Fibrela menghela napasnya. “Kau tidak akan lepas dariku, Edvard. Enyahlah. Jangan membuatku makin kesal.”
Edvard melangkah mundur. Nod melirik seraya mengangguk kecil. Walau dia orang yang paling dirugikan dari ransel terbang pemberiannya, melihatnya dimaki oleh Fibrela sedemikian keras membuatnya jadi kasihan pada anak itu.
“Mengapa kau memarahinya begitu keras?”
“Louie, antar Nod ke ruang kerjaku. Aku harus menghadiri rapat.” Fibrela masuk ke salah satu kuntum bunga dan tubuhnya hilang dalam dua detik dari hadapan Nod. Dia tidak berminat menjawab teguran Nod barusan.
Louie mengantar Nod memasuki kuntum bunga yang lain di samping kuntum bunga yang dimasuki Fibrela.
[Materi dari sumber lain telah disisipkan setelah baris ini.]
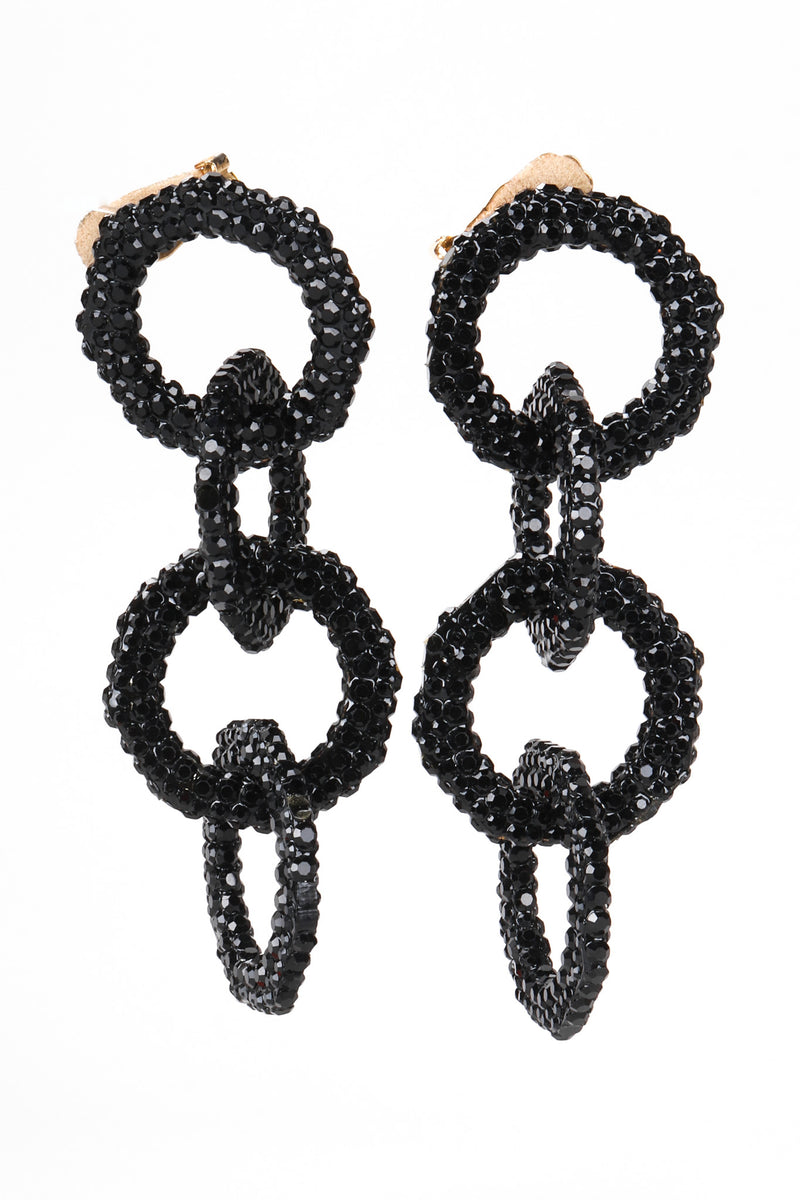 Recess Los Angeles Vintage Richard Kerr Swarovski Crystal Hoop Chain Link Drop Earrings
Nod menggaruk daun telinganya saat mendengar suara Louie yang nyaris membengkokkan garis khatulistiwa itu. Walau begitu, pintunya segera terbuka.
Ruang kerja Fibrela berada di lantai paling atas dari bangunan tersebut. Ada lapangan dan taman yang sangat luas di bagian paling atas bangunan tersebut. Nod tak bisa ke sana karena tidak ada pintu yang mengarah ke sana.
“Silakan Tuan Nod.” Louie membuka ruang kerja Fibrela yang nyaris tak berisi apa pun. Hanya sofa putih dengan batang bambu di pot kacanya. Ini terlihat seperti penjara ketimbang ruang kerja.
“Anda bisa mandi dengan menekan tombol di samping pintu ini. Selamat bersenang-senang, Tuan Nod.”
“Tunggu, Louie,” cegat Nod saat Louie terlihat hendak menutup pintu ruangan tersebut.
“Ada yang bisa dibantu lagi, Tuan Nod?”
“Bisakah kau mengatur airnya menjadi berbusa?” Hanya itu permintaan yang diajukan Nod walau dia sendiri tidak yakin apakah mandi busa salah satu kebiasaan di tempat ini.
Louie menaikkan alisnya yang tebal. Dia memiliki fitur angkat alis yang justru membuat semua orang yang melihatnya semakin yakin dia bukan sebuah rokern.
“Ayolah, masak di tempat serba canggih seperti ini tidak ada busa?” desak Nod.
“Baiklah, Tuan Nod.”
Louie berjalan masuk mendekati tombol yang ada tak jauh dari pintu ruang kerja tersebut. Sebelum Louie sempat menekannya, Nod sudah memelesat keluar dan menutup pintu tadi.
Dia berlari mendekati kuntum bunga yang ada di ujung jalan. Dengan cepat dia melompat ke dalamnya. Dari balik kelopak bunga yang bergerak, Nod bisa melihat Louie yang berlari mengejarnya.
Kelopak bunga tadi mengatub dan mulai bergerak sedikit memutar. Nod terdiam pasrah. Dia lupa dengan kata sandinya. Dia ingat nyanyian aneh tersebut, tapi tidak bisa mengingat liriknya. Berulang kali dia mencoba mendengungkan lagu tersebut, tetap saja tidak bisa diterima benda itu.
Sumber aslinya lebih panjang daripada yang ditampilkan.